§ MATERIAL SHOWN
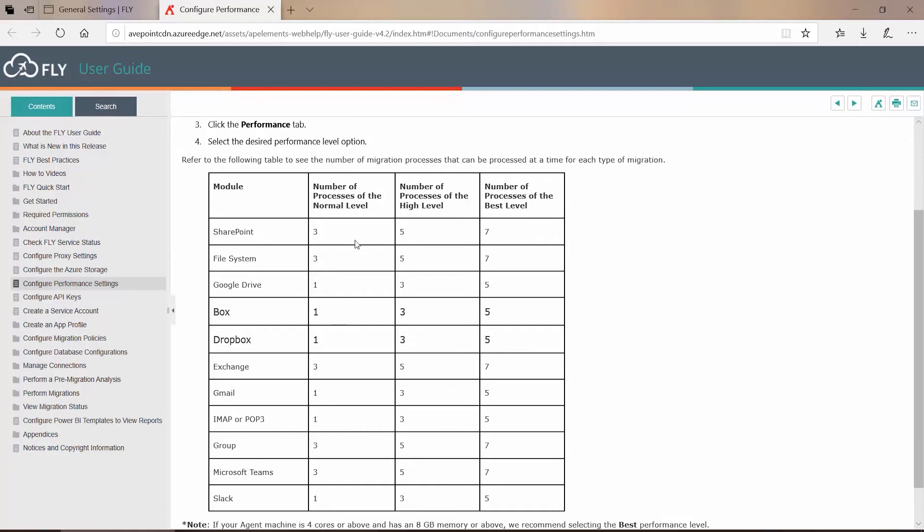As a general rule, all of the Microsoft technologies are three processes for Normal, five for High, seven for Best. So that's going to include SharePoint, File Systems, Exchange, Office 365 Groups, and Microsoft Teams.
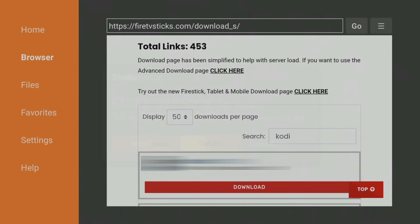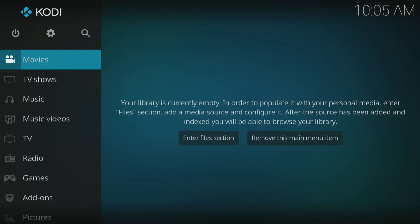This will delete the installation file as it's no longer needed. You can now go into your list of apps and open Kodi from there. That's it, Kodi is now installed.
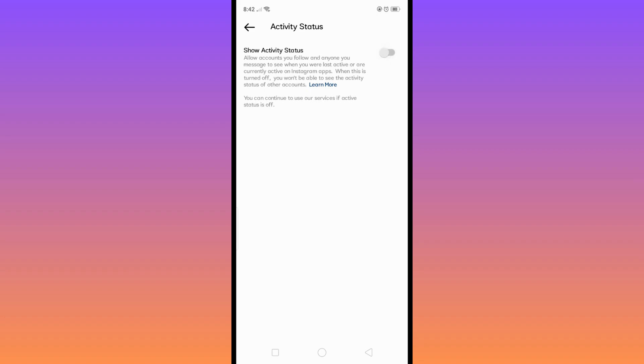So that's how you can easily turn off active status on your Instagram.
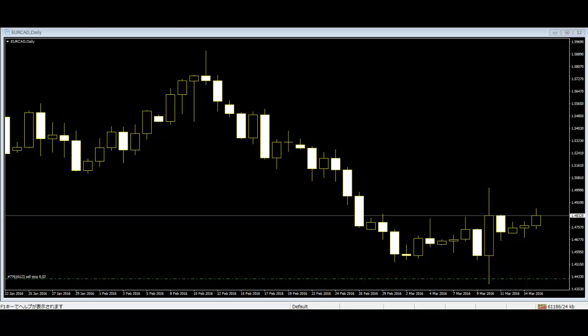Engulfing Line: The bearish engulfing line consists of a small white body that is contained within the followed large black candlestick. When it appears at the top, it is considered a major reversal signal. The bullish engulfing line consists of a small black body contained within the followed large white candlestick, and when it appears at the bottom, it is interpreted as a major reversal signal.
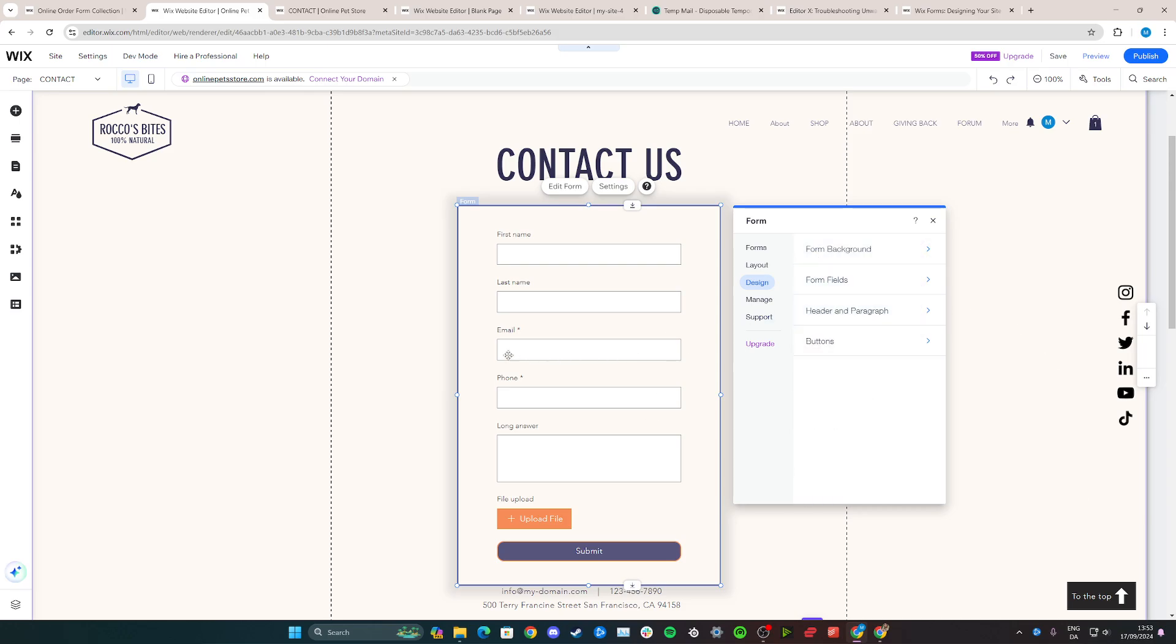That's pretty much how you can customize the design to suit the theme of your Wix.com website. I hope you found this tutorial helpful. Please let me know if you have any questions in the comments below and I'll try my best to help you.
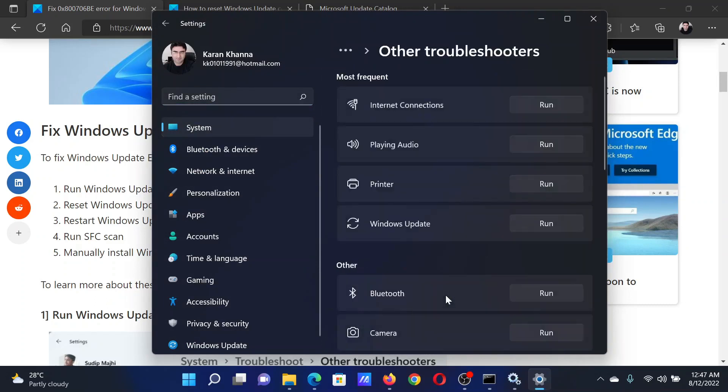Then select Other troubleshooters. Corresponding to the Windows Update troubleshooter, click on Run.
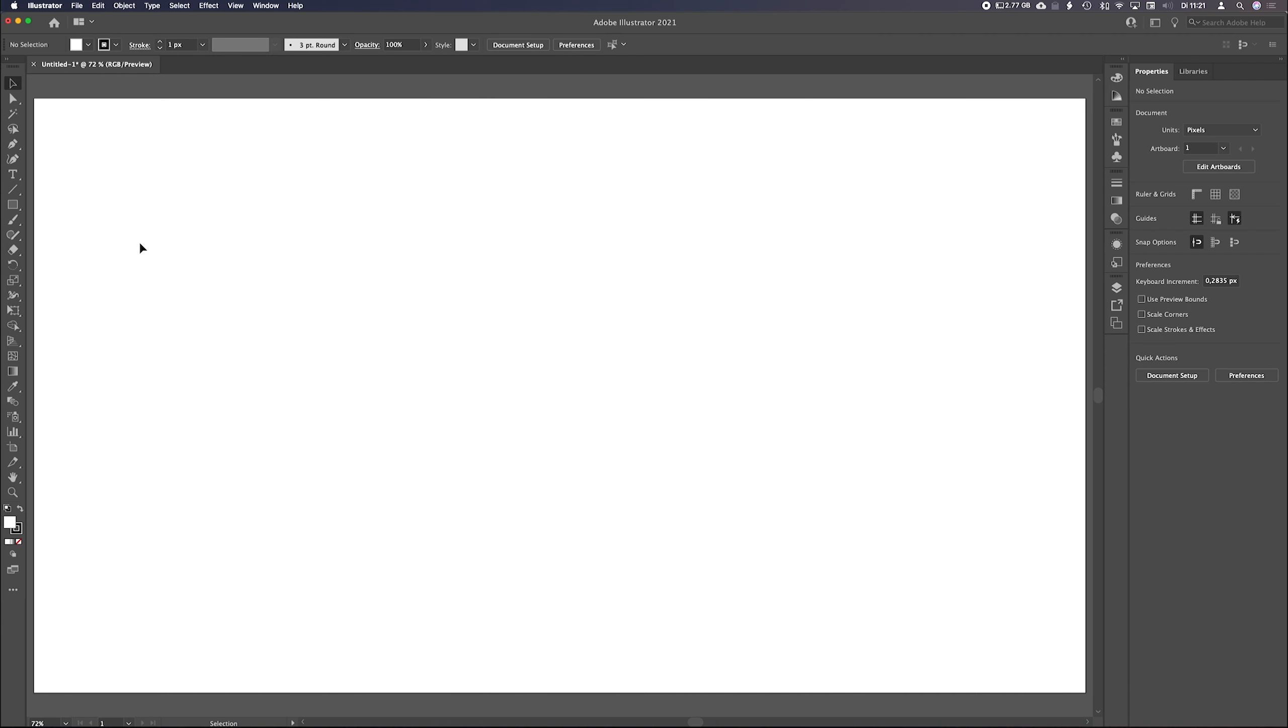Welcome to this episode. In this episode we will talk about the rectangular and the polar grid tool. Yes, there is a tool to make a grid and it can be really handy. Let's get started.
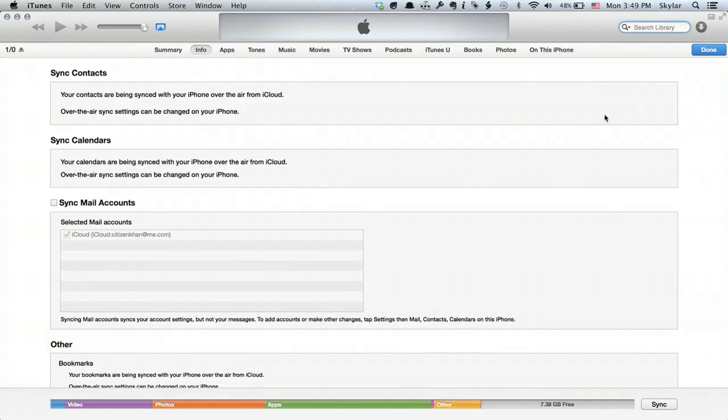So now that I've done that I actually want to go back to iTunes and click sync. That will save the changes that I just made on my computer to my iPhone. Thanks for watching. I'm Skyler.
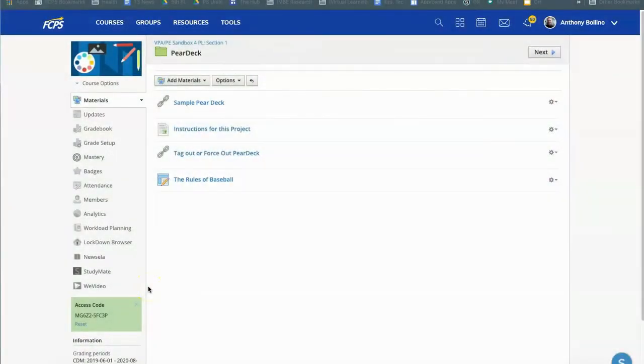Hey everybody! I want to share with you some exciting news that Pear Deck is now integrated into Schoology and it's really simple to use and will save you a couple steps.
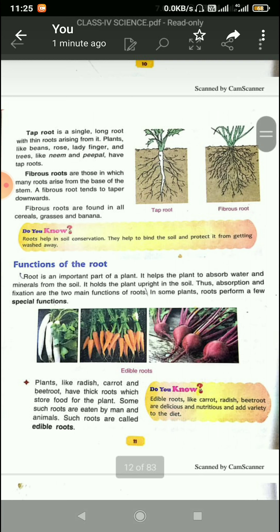In some plants, roots perform a few special functions. Like edible roots — start underlining all these things. Plants like radish, carrot, and beetroot have thick roots which store food for the plant. That is why these are called edible roots.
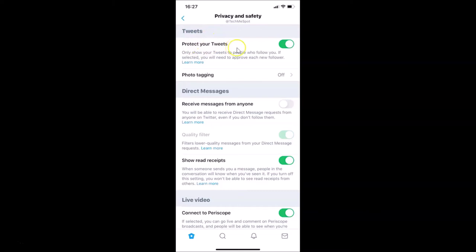What you need to do is turn off this feature. Let me tap on it — you can see it's now turned off. Our tweets are now public and not protected.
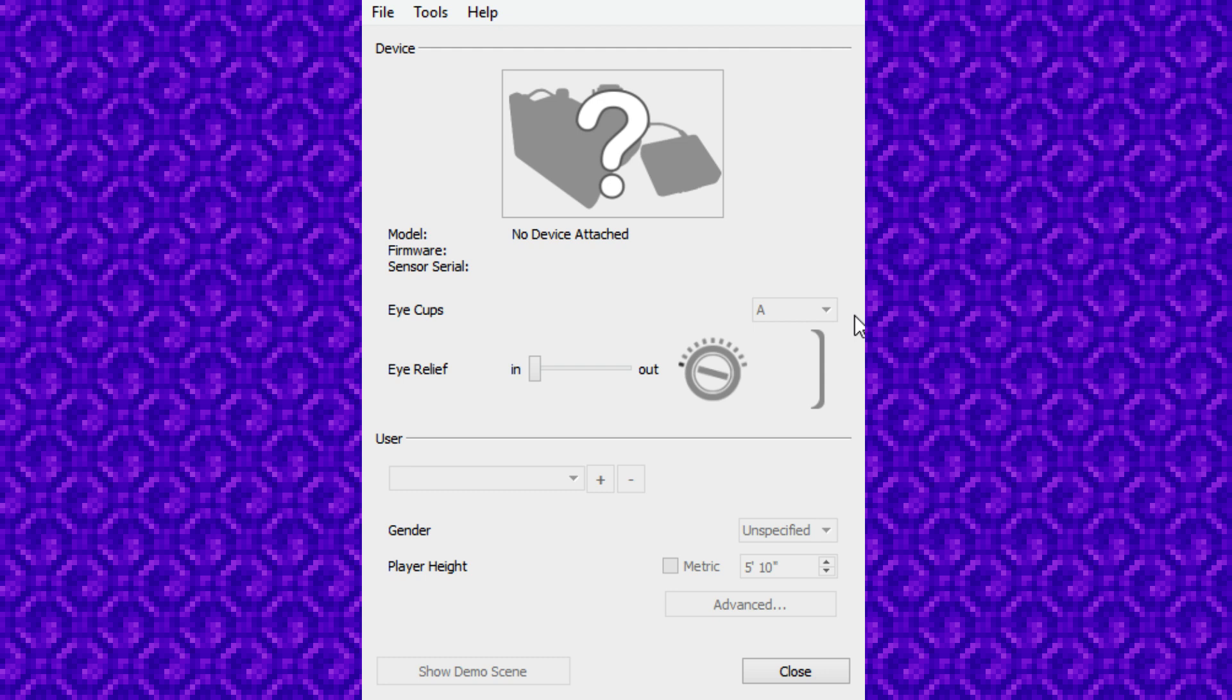So it's a software issue. This either needs to be a patch that they need to do or somebody needs to tell me how I can fix this because it is a software issue. It is not a hardware issue.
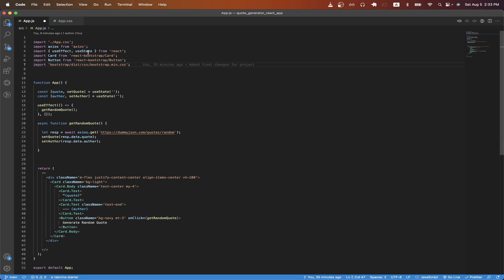On line three, I'm just importing the useEffect and useState hook from React. And on line five and six, I'm just importing the card and button component from Bootstrap, which are pre-built UI components so that we don't have to rebuild those components ourselves.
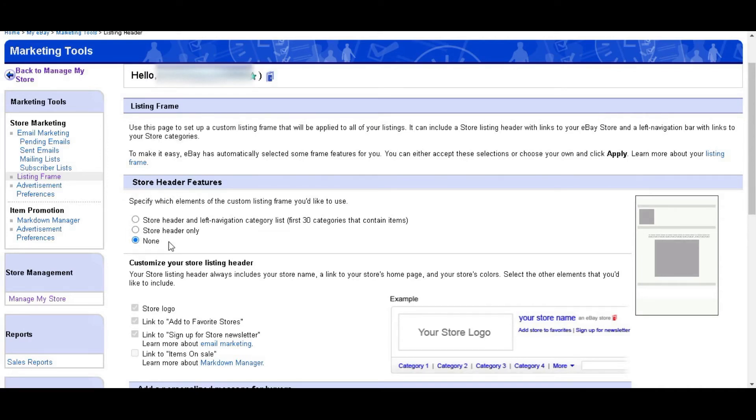That's all, you have disabled the eBay listing header successfully. Now you can use your customized header for your eBay listings.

§ TASK STATEMENT
Where an entry contains an image, drop the image and copy everything else word for word.

§ EXERCISE OUTPUT
As a general rule, all of the Microsoft technologies are three processes for Normal, five for High, seven for Best. So that's going to include SharePoint, File Systems, Exchange, Office 365 Groups, and Microsoft Teams.
This will delete the installation file as it's no longer needed. You can now go into your list of apps and open Kodi from there. That's it, Kodi is now installed.
So that's how you can easily turn off active status on your Instagram.
Engulfing Line: The bearish engulfing line consists of a small white body that is contained within the followed large black candlestick. When it appears at the top, it is considered a major reversal signal. The bullish engulfing line consists of a small black body contained within the followed large white candlestick, and when it appears at the bottom, it is interpreted as a major reversal signal.
That's pretty much how you can customize the design to suit the theme of your Wix.com website. I hope you found this tutorial helpful. Please let me know if you have any questions in the comments below and I'll try my best to help you.
Then select Other troubleshooters. Corresponding to the Windows Update troubleshooter, click on Run.
Welcome to this episode. In this episode we will talk about the rectangular and the polar grid tool. Yes, there is a tool to make a grid and it can be really handy. Let's get started.
So now that I've done that I actually want to go back to iTunes and click sync. That will save the changes that I just made on my computer to my iPhone. Thanks for watching. I'm Skyler.
Hey everybody! I want to share with you some exciting news that Pear Deck is now integrated into Schoology and it's really simple to use and will save you a couple steps.
In some plants, roots perform a few special functions. Like edible roots — start underlining all these things. Plants like radish, carrot, and beetroot have thick roots which store food for the plant. That is why these are called edible roots.
What you need to do is turn off this feature. Let me tap on it — you can see it's now turned off. Our tweets are now public and not protected.
So it's a software issue. This either needs to be a patch that they need to do or somebody needs to tell me how I can fix this because it is a software issue. It is not a hardware issue.
On line three, I'm just importing the useEffect and useState hook from React. And on line five and six, I'm just importing the card and button component from Bootstrap, which are pre-built UI components so that we don't have to rebuild those components ourselves.
That's all, you have disabled the eBay listing header successfully. Now you can use your customized header for your eBay listings.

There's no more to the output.